My sympathy has never been with the protagonist, or with the fabled Ark, but rather with all those other boxes. What's in there? Robert Johnson's guitar? Instructions for tuning Nordic harps from the time of Beowulf? What else? I want to open those crates, rummage around them, catalog them so they can be easily searched, find more stuff to add to the collection (which, in this writer's case, would be less religious and more musical).

Joe Lauro likely had much the same impulse. For him, it was 78rpm records at first, an obsession that started when he was twelve years old and extended on into his adult life, expanding and changing until he landed a job helping run a small archive. From there, Lauro went solo, opening his own popular culture film archive (with a focus on music and related media): The Historic Films Library.

If you've seen virtually any well-made music and/or pop culture documentary in recent years then you've been privy to Lauro's own collection of seemingly infinite crates (of film, not of Arks). The footage is almost inconceivable in both quantity and breadth, including backstage film from the set of The Wizard of Oz, the entire run of The Ed Sullivan Show, 1968's Live from the Bitter End variety show, the Murry "The K" Archive, the D.A. Pennebaker Archive, and the collection of the Center for Southern Folklore (just to name a few).
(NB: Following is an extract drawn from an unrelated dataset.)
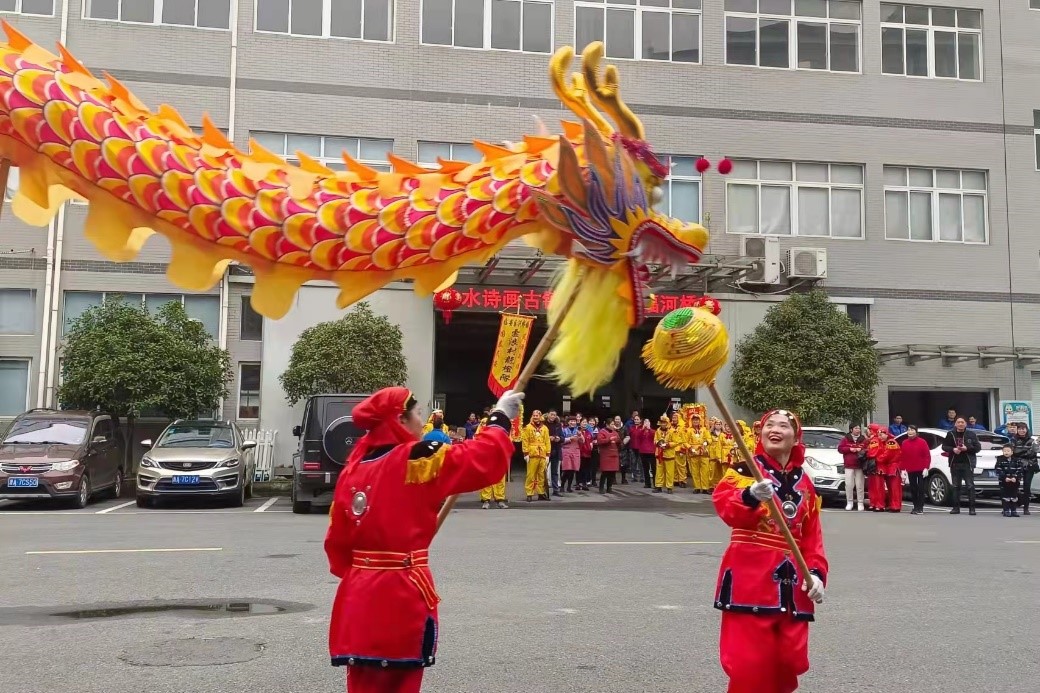 歡喜鬧元宵，彩燈慶佳節(jié) ——河橋鎮(zhèn)舉辦“迎亞運(yùn)”元宵燈會(huì)踩街活動(dòng)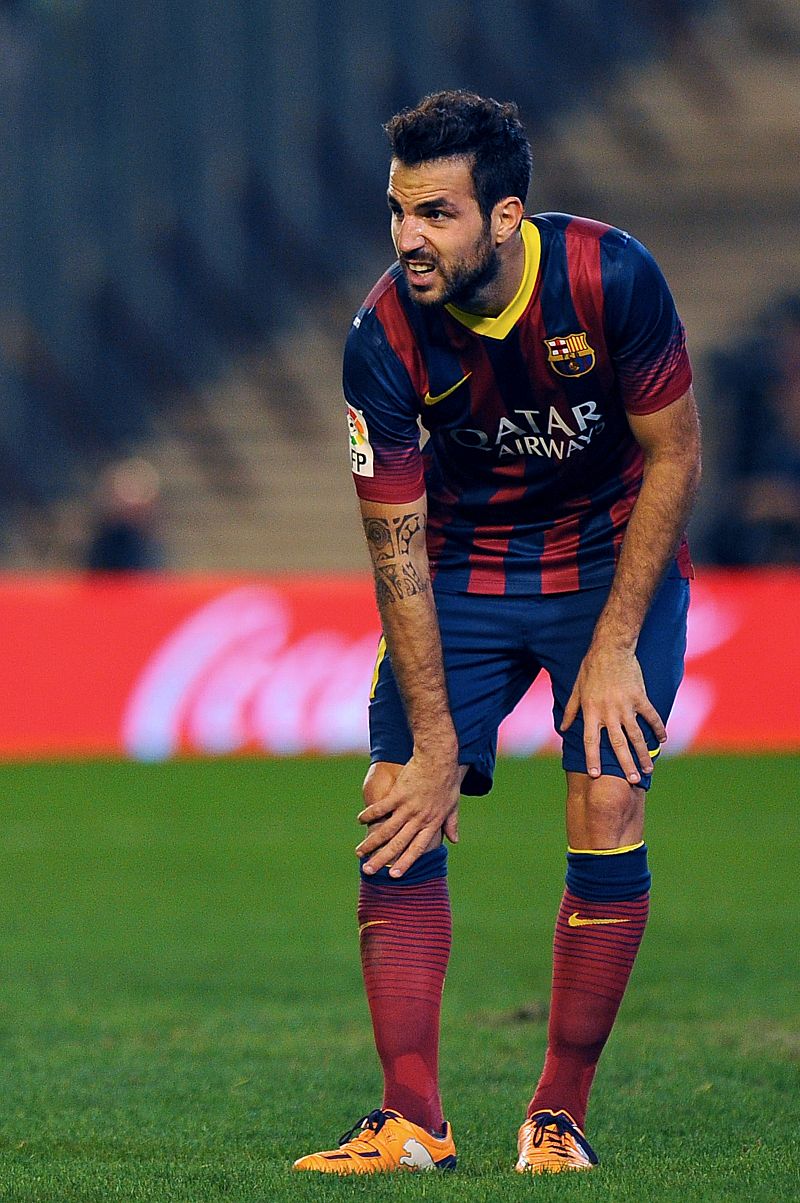 Cesc Fábregas es baja para los amistosos con España y Marc Bartra va en su lugar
"I see it as a kind of mission," Lauro says, via telephone from his home in Sag Harbor, New York. "I'm a musicologist. I'm interested in letting people know about some of this music. It's the greatest contribution that [America] has given the world and it's just not taken that seriously by people in this country." Lauro has not only accumulated this material but he has preserved it, digitizing it for safety and ease of transfer, and has cataloged it so that filmmakers and researchers can put their fingers on the right material quickly and easily.

Indeed, the archival cataloging that Historic Films has accomplished is perhaps Lauro's most important contribution to the art of filmmaking. Ponder the idea that, when making a film about Muddy Waters (for example), one does not only need footage of Muddy himself but of the environs that the great bluesman inhabited. "We have footage of the nightclubs in the 1950s and 1960s where Muddy Waters performed," Lauro notes. "The venues, the parties, the places where this music was created. This material is all part of the story."

All of that is indexed via the Internet so that researchers (and you too, fair reader) can find what you're looking for. John Lennon and Frank Zappa performing "Scumbag" in 1969? Joe has it. How about Honey Boy Edwards (see the image, above) and Johnny Shines performing in the same year? Yes, Joe has that too. And, of course, much more.

"I've gone out of my way to accumulate as much of this material so that it can be used by other people who are doing documentaries or need this kind of thing," Lauro says. Indeed, it is his mission and his life's work. This is a religious quest of a sort -not for Lauro (who might balk at the description), but for us as a culture and, at that, not only America but the world. How much of this material might be lost to history were it not for his efforts?

In my imagination, I want there to be a dusty, crate-filled warehouse that this material lives in and so I'll continue to think of it in this way. For you though, take your hat and your whip to www.historicfilms.com and type a few words into the search box. You'll be surprised at what Joe Lauro has put his hands on and for the right project (and a modest fee), he just might allow you to put your hands on it too.